ACTIVITY:
Leaving out all pictures, write out word for word the lines from the one containing "Indigo-Dyed Handbag –" to the end of the data below.

SUPPLIED DATA:
* * * * *

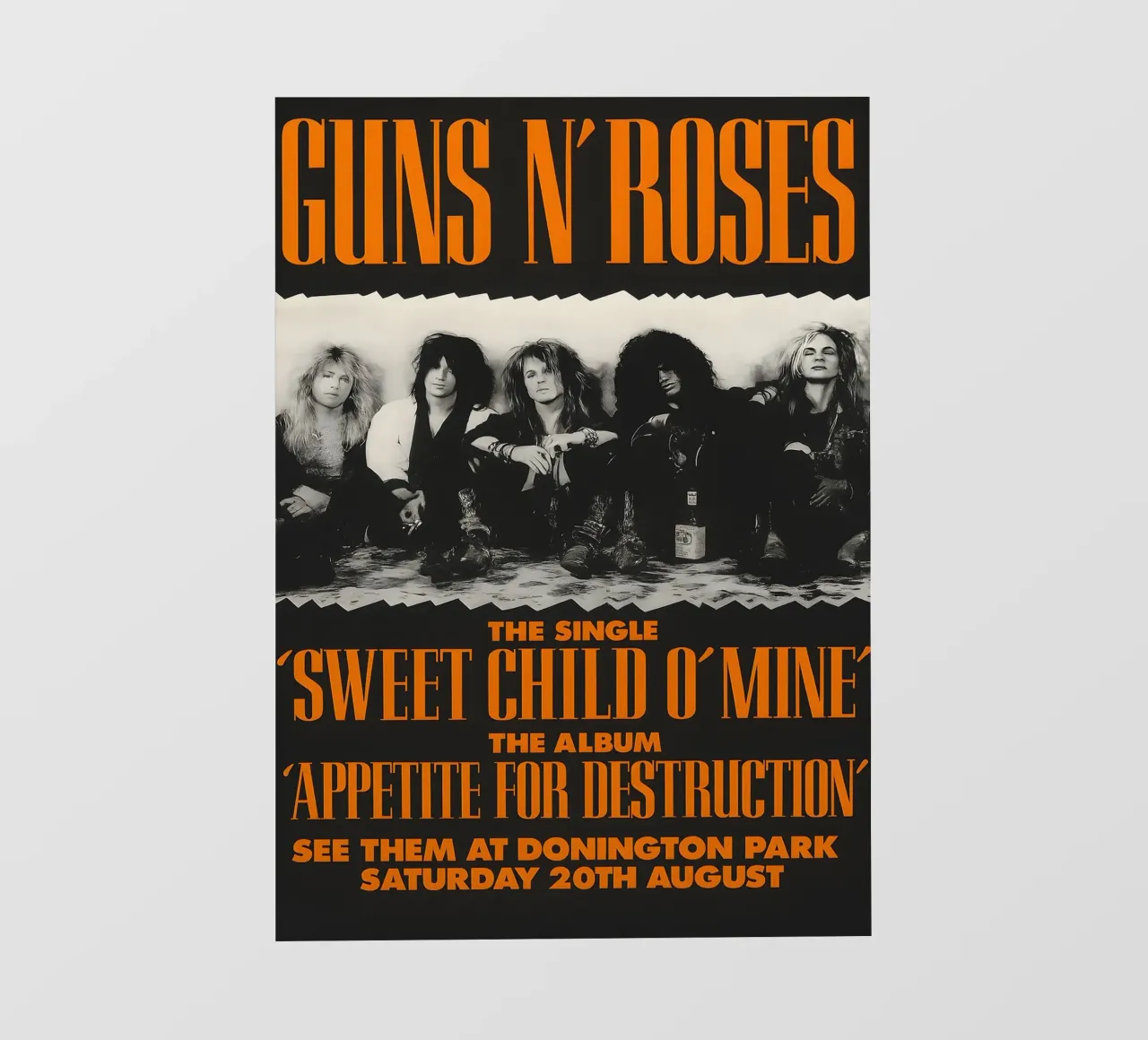 Guns N’ Roses Huge 5′ Donington Park 1988 Concert Poster backlit film by DGUnder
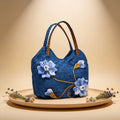 Indigo-Dyed Handbag – Handmade 3D Floral Ethnic Crossbody Bag | Chinese Artisan Style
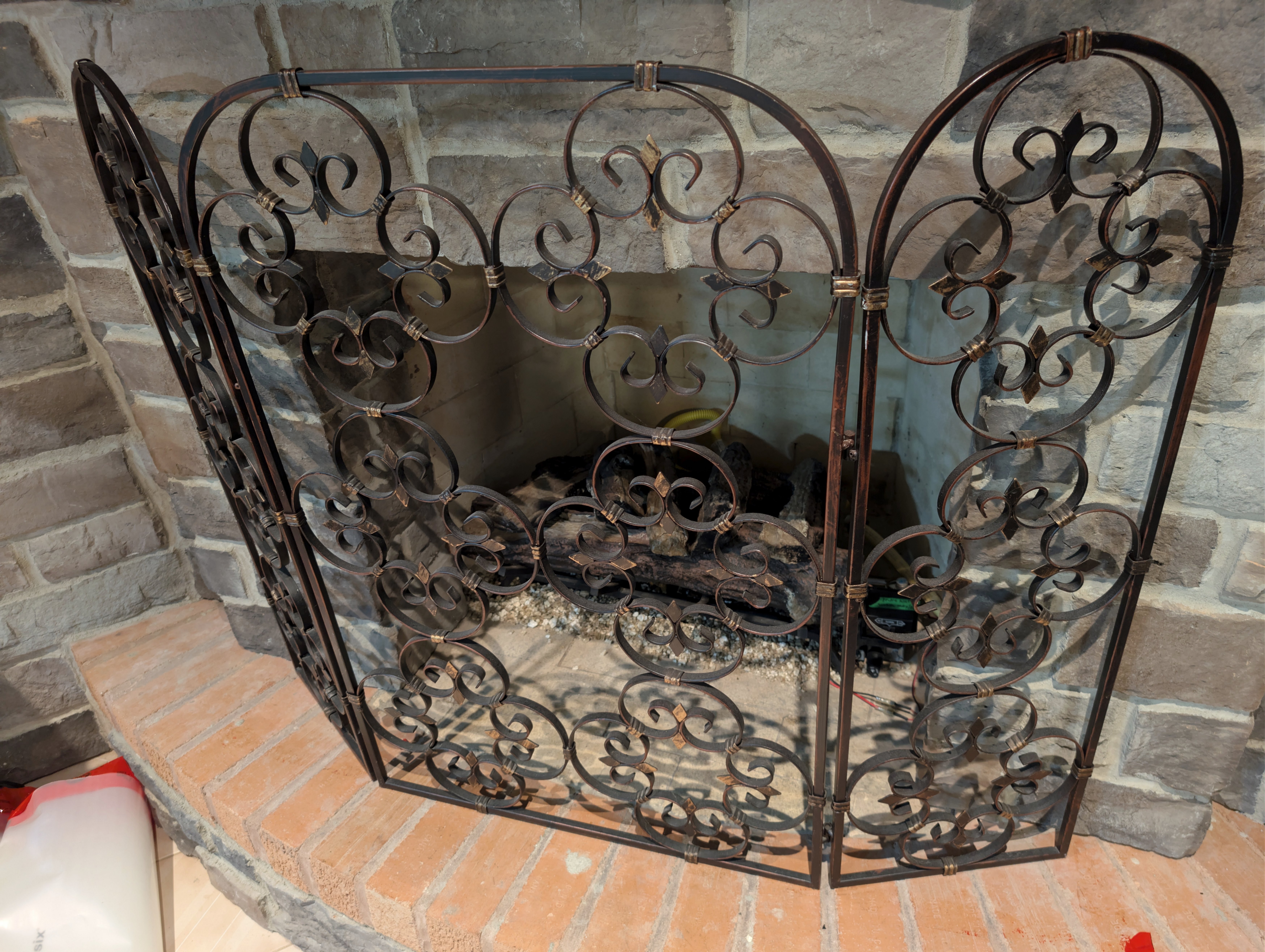 Iron Metal Fireplace Screen Barrier Protector - photo 2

* * * * *

WRITTEN ANSWER:
 Indigo-Dyed Handbag – Handmade 3D Floral Ethnic Crossbody Bag | Chinese Artisan Style
 Iron Metal Fireplace Screen Barrier Protector - photo 2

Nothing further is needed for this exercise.